At church this morning, we sang the hymn "Great Is Thy Faithfulness."
One of the lines of that song is "Morning by morning new mercies I
see." The song is based on Lamentations 3:22-23, which states (in the
King James Version): "It is of the Lord's mercies that we are not consumed, because his compassions fail not. They are new every morning: great is thy faithfulness." God's mercies are present on a day-by-day basis.
I
thought about a contemporary Christian song that I used to hear on the
radio to and from work. It's by Out of the Grey, and it's called "If I
Know You" (click here to listen). The chorus goes: "If I know You, You will turn this day into a perfect surprise.
If I know You like I think I do the worst of times will work out
right." At the end of the song, the chorus says "If I know You like I know I do", rather than "like I think I do" (emphasis mine).
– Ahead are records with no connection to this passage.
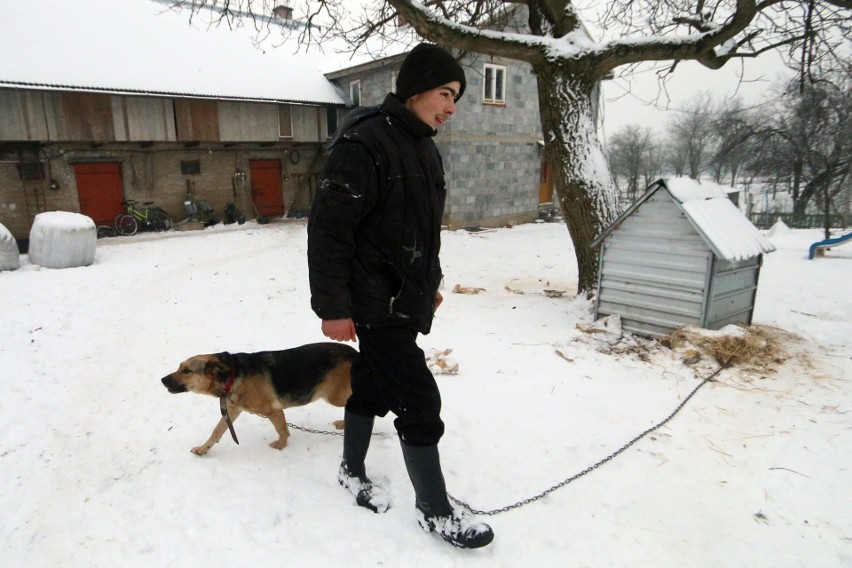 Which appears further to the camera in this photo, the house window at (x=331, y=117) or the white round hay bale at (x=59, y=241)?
the house window at (x=331, y=117)

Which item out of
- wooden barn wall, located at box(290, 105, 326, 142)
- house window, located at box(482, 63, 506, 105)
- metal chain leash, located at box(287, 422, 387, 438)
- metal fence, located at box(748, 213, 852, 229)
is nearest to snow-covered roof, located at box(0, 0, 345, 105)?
wooden barn wall, located at box(290, 105, 326, 142)

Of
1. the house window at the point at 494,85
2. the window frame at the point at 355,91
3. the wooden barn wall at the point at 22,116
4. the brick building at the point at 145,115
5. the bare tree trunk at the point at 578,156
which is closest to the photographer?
the bare tree trunk at the point at 578,156

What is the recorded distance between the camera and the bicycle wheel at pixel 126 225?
16.6 metres

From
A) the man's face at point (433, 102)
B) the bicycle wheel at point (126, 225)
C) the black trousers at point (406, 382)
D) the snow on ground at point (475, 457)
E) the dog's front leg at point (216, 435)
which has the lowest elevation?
the snow on ground at point (475, 457)

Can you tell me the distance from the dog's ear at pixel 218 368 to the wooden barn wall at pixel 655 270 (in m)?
4.16

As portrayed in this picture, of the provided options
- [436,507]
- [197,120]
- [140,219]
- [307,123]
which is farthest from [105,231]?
[436,507]

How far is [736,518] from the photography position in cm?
268

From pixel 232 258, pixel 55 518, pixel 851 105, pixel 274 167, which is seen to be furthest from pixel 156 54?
pixel 851 105

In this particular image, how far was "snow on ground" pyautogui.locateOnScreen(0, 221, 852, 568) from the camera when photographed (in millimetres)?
2480

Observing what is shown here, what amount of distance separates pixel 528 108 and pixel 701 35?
13720 mm

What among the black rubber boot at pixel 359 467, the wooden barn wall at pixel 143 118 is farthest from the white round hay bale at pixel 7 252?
the black rubber boot at pixel 359 467

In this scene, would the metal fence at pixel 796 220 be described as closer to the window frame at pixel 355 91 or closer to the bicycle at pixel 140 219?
the window frame at pixel 355 91

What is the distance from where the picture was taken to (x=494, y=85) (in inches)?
720

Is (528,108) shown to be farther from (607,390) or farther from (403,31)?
(607,390) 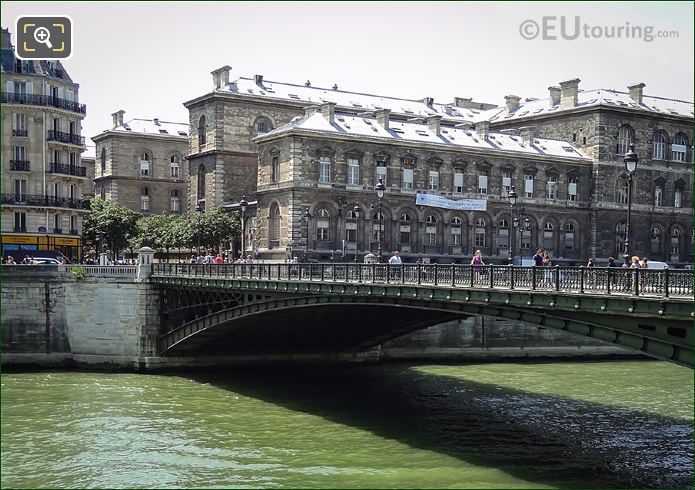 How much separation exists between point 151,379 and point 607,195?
46.4 meters

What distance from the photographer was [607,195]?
7575cm

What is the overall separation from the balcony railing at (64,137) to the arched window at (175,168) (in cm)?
3323

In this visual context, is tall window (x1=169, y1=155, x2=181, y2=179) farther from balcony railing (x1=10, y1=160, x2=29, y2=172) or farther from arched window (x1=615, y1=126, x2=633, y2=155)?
arched window (x1=615, y1=126, x2=633, y2=155)

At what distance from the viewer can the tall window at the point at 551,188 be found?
241ft

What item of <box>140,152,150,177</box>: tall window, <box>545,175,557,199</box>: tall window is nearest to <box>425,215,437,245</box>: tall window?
<box>545,175,557,199</box>: tall window

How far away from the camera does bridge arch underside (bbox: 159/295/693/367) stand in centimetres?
2194

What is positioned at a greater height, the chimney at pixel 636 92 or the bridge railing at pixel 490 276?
the chimney at pixel 636 92

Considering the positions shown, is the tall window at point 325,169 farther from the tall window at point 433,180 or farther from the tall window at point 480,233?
the tall window at point 480,233

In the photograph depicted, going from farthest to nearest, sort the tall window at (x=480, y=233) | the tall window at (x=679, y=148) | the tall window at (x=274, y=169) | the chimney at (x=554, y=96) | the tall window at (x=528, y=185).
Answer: the chimney at (x=554, y=96) < the tall window at (x=679, y=148) < the tall window at (x=528, y=185) < the tall window at (x=480, y=233) < the tall window at (x=274, y=169)

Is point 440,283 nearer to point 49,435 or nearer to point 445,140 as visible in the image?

The idea seems to be that God can turn things around for the better on a daily
basis in our lives. It's not just a matter of plowing through each
day, hoping for some distant breakthrough. Rather, God can turn this day
into a perfect surprise. Each day, I can see God's mercies. And the
latter was said during a time of profound lamentation, when Jerusalem
was experiencing things that many of us probably cannot imagine.
I
remember someone giving a testimony at a church that I attended a while
back. She was arguing with her husband earlier one day, and later in
the day he bought his dream-car for a good price. Her husband was
amazed that his day turned out that way! Her response was, "That's the
way God works." Or there was Joyce Meyer, who said in a sermon that God
knew she likes coffee, and God arranged for her to have a gift-card to a
coffee-shop (I'm saying this from memory, which may be imperfect). Her
point was that God may drop little gifts into our lives out of his love
for us.
Many may read that and see it as
rather shallow. But, on some level, I can identify with people looking
to God to make their day better. When I am depressed, I hope and pray
that something will soon happen that will make me happier, or
that at least will alleviate my depression. I hope that God will turn
my day into a perfect surprise.
To what
extent I can call this outlook a "one-size-fits-all" approach, I do not
know. Can I tell someone with clinical depression to cheer up because
God will turn his or her day into a perfect surprise? What about the
Third World? For that matter, what about the people in the First World
who work long hours for little pay, or people who are hit with heavy
medical bills? I believe that, in some sense, we can see God's mercies
all around us: in the sunrise, the sunset, etc. But, when it comes to
God's involvement in the lives of specific human beings, I wonder where
God is in the situations I just mentioned. I once asked that question
in a Bible study group, and the leader responded that poor people can
experience God at a deeper level than the privileged, since they depend
on God more. Then, he smugly chided me for asking my question, saying
that I didn't know much about the issue from my position of middle-class
privilege----even though he himself came from middle-class privilege.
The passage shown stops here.